Summer Academy for Math and Science at Carnegie Mellon University (Pittsburgh, PA)

Carnegie Mellon University
Dllu, Carnegie Mellon Hamerschlag Hall and Scott Hall, CC BY-SA 4.0

Duration: 4 weeks

Eligibility: Rising high school seniors

SAMS seeks to grant access to STEM fields to students living in underrepresented communities. Students work with their peers and professors on hands-on projects over two “parts.” 

In Part I, which is online, students refine skills needed for participation in future events. 

In Part II, students move into the residence halls to commence in-person instruction via the Pre-College Program at Carnegie Mellon.

At the core of SAMS is a group project that a faculty member or graduate student advises.

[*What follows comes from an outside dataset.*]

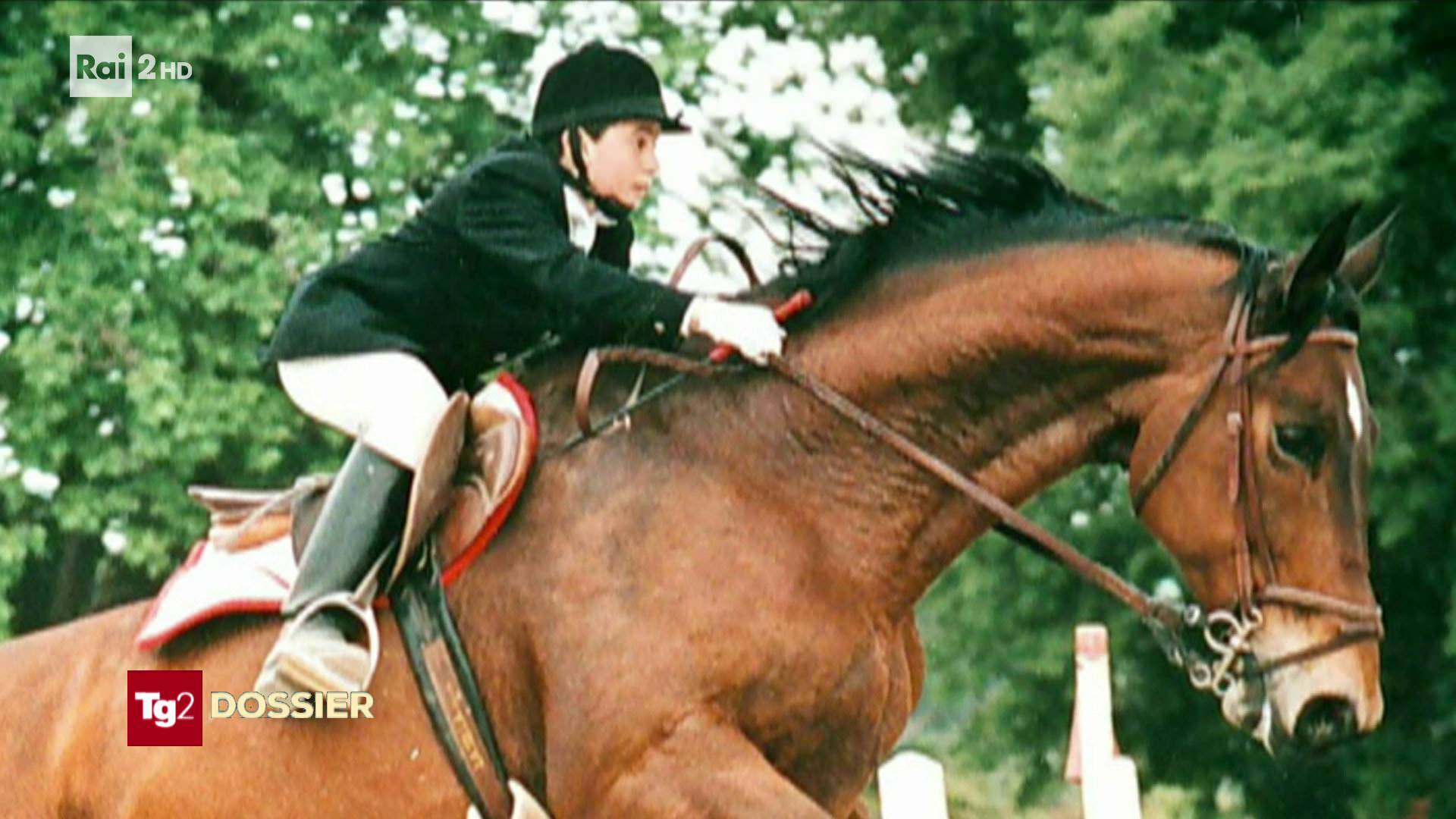 TG2 Dossier - Puntata del 11/01/2026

Social relationships are strengthened through diversity and inclusion workshops, group tutoring, academic coaching sessions, and other activities.

A standout fact about SAMS is that it offers workshops to participants’ families, offering a wealth of information about how to support their child in the college search and eventual adjustment.

The end of the program is celebrated with a Symposium of student projects and a Closing Award Ceremony.

IDEA MATH (Plano/Frisco, TX & multiple locations)

Duration: Two 3-week sessions available 

Eligibility: Any students in grades 4-12

In the online IDEA MATH summer program, students spend approximately four hours online each day in groups of 6 to 16. 

Emphasis is placed on the importance of the learning process, as well as positive attitudes and behaviors that are conducive to greater learning.

Classes are taught seminar-style, meaning that students decide the direction, pace, and scope of the discussion. Students are encouraged to pose higher-order questions and respond thoughtfully to their peers’ commentary.

Many students who participate in IDEA MATH go on to succeed in major mathematical competitions. 

IDEA MATH offers five different series, and the best offerings for high school-aged students seem to be Contest Edge and Math Olympiad.

SUMaC – The Stanford University Math Camp (Stanford, CA)

Duration: Two 3-week sessions available

Eligibility: Rising high school juniors and seniors

Only a few rising high school juniors and seniors are invited to participate in SUMaC, an online mathematical immersion designed to challenge students and foster friendship. 

Courses devoted entirely to mathematics average 16 participants in an online cohort.

Students meet for two hours daily, Monday through Friday, for live, synchronous discussion and problem-solving sessions. Guest lecturers make frequent appearances.

Two program offerings house unique topics. Program I is Abstract Algebra and Number Theory, while Program II is Algebraic Topology.

Program I presents problems such as the limitations of straight-edge constructions, analyzing structural symmetry, and error-correcting codes. 

Mathematical concepts required to approach these topics derive from abstract algebra and number theory, which derives from ancient ways of employing mathematics.

Program II focuses on more current ways of “doing” math. Topology studies involve analyzing shapes that remain undisturbed by deformations.